# SUPPLIED RECORDS
---

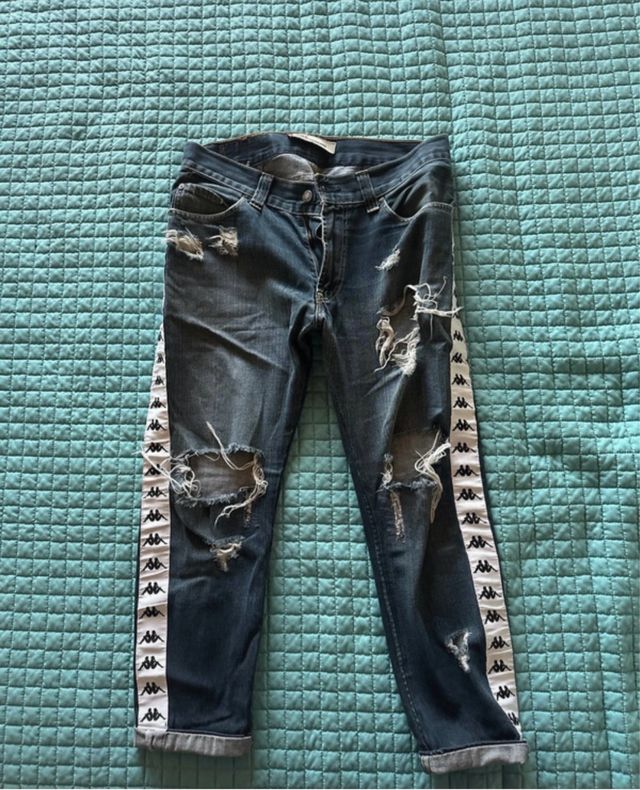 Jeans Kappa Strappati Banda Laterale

---

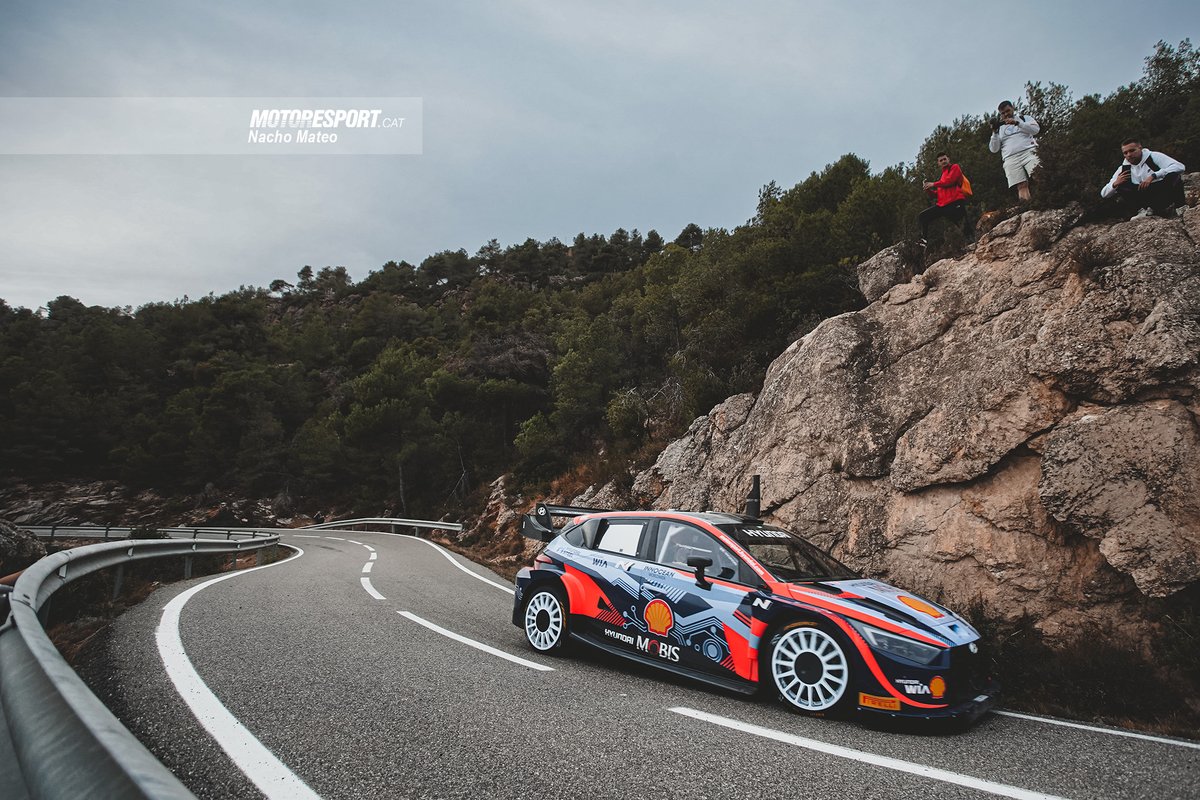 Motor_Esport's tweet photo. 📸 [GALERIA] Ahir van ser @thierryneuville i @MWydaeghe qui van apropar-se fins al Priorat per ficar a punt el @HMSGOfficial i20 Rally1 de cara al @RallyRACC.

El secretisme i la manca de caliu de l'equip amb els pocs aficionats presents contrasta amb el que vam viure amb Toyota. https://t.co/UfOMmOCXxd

---

# ABOUT THIS EXERCISE
Take the material above from the line bearing "Motor_Esport's tweet photo." through the line bearing "El secretisme i" and write it out exactly, both end lines included. Pictures stay out.

# SOLUTION FOR THIS TASK
 Motor_Esport's tweet photo. 📸 [GALERIA] Ahir van ser @thierryneuville i @MWydaeghe qui van apropar-se fins al Priorat per ficar a punt el @HMSGOfficial i20 Rally1 de cara al @RallyRACC.

El secretisme i la manca de caliu de l'equip amb els pocs aficionats presents contrasta amb el que vam viure amb Toyota. https://t.co/UfOMmOCXxd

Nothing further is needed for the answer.